He argues for a greater emphasis on programs that help the younger part of our population, and cites one program in particular:
For starters, one of the most basic social programs that works — indeed pays for itself many times over — is family-planning assistance for at-risk teenage girls. This has actually been one of America’s most successful social programs in recent years. The teenage birthrate has fallen by half over roughly the last 20 years.
Please keep reading.
He cites programs that assist parents, whether getting pregnant women to smoke and drink less, parents to talk to children, or the array of programs like Nurse-Family Partnership, Healthy Families America, Child First, Save the Children and Thirty Million Words Project that help parents be better parents.
It is worth remembering how many programs there are. For those too young to remember what serious parts of this nation were like before LBJ's presidency, even with the increases seen recently in poverty,especially childhood poverty, as the social safety net has been slashed, we are still far better off as a society than we were in the 1950s. That some are so dense as to be willing to cut programs further is to me a sign either of dementedness or a willingness to be deliberately cruel.
Kristof concludes his column with these words:
Critics are right that antipoverty work is difficult and that dependency can be a problem. But the premise of so much of today’s opposition to food stamps and other benefits — that government assistance inevitably fails — is just wrong. And child poverty is as unconscionable in a rich nation today as it was half a century ago.
I agree.
And I remember words from the man who in his long public service was the Vice President during the administration that initiated the War on Poverty, albeit not assuming that office until the year after its commencement.

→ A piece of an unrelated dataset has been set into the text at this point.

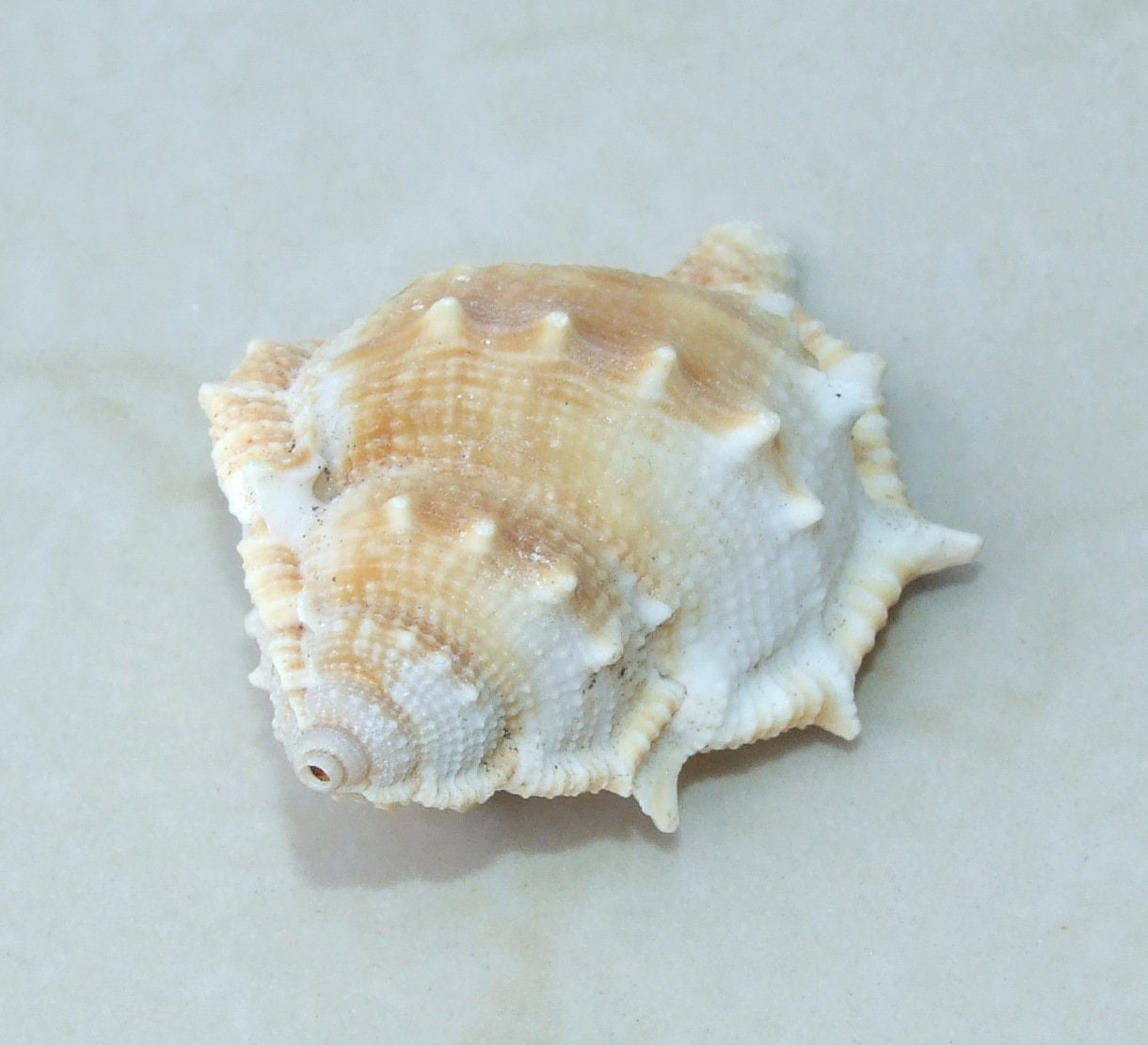 Large Natural Strombus Conch Sea Shell, Spiral Shell, Seashell, Shell, Beach Decor, Ocean Shell - 55-60mm, 4 Shells - 126-03 - EDGBeadsandGems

Hubert H. Humphrey offered these words:
It was once said that the moral test of government is how that government treats those who are in the dawn of life, the children; those who are in the twilight of life, the elderly; and those who are in the shadows of life, the sick, the needy and the handicapped.
Before the War on Poverty we were failing that moral test.

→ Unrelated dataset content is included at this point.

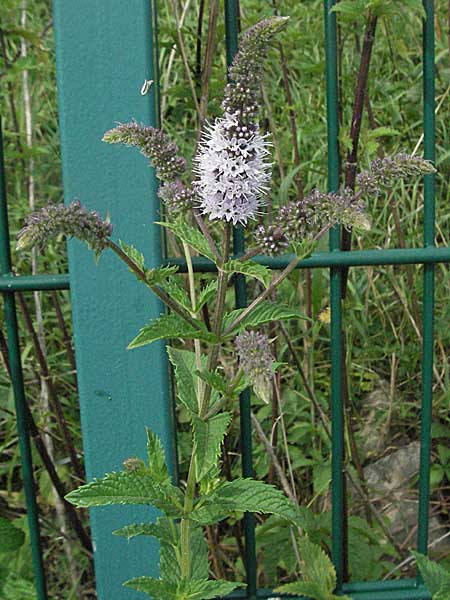 Mentha spicata \ Grne Minze, hrige Minze, D Weinheim an der Bergstraße 10.7.2006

Sadly, we have been increasingly moving again in the direction of that failure.
Read Kristof's column to see the specifics of why that does not have to be.

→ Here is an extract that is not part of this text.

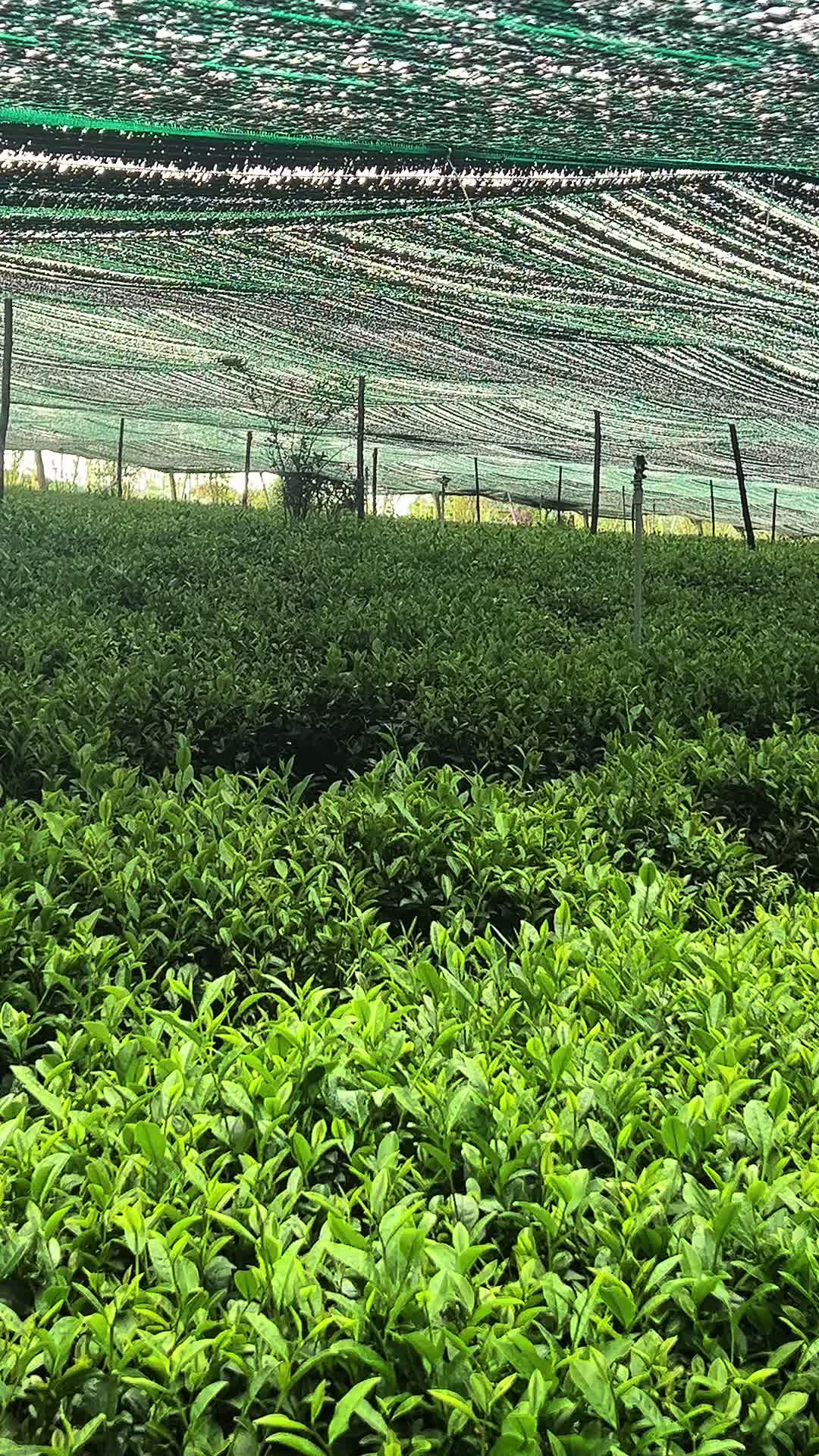 @N&ocirc;ng Trường olong Tằng Vĩnh An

We have as a society a moral test before us. Kristof's final words are especially relevant.
But the premise of so much of today’s opposition to food stamps and other benefits — that government assistance inevitably fails — is just wrong.
Do not let those on the political "right" distort the history. The data supports government interventions like those cited by Kristof.
I teach. I deal with children. So the final sentence speaks directly to my experience:And child poverty is as unconscionable in a rich nation today as it was half a century ago.
If we as a society are unwilling to grasp our moral responsibility, if those who claim to be Christians are willing to ignore the words of the one whom they view as Incarnate God in Matthew 25 about the "least of these" then we do not deserve to persist as a society or a nation, we are reverting to the war of every man against every other as offered by Hobbes in his view of man in a state of nature, and the life of too many will be solitary, poor, nasty, brutish and short.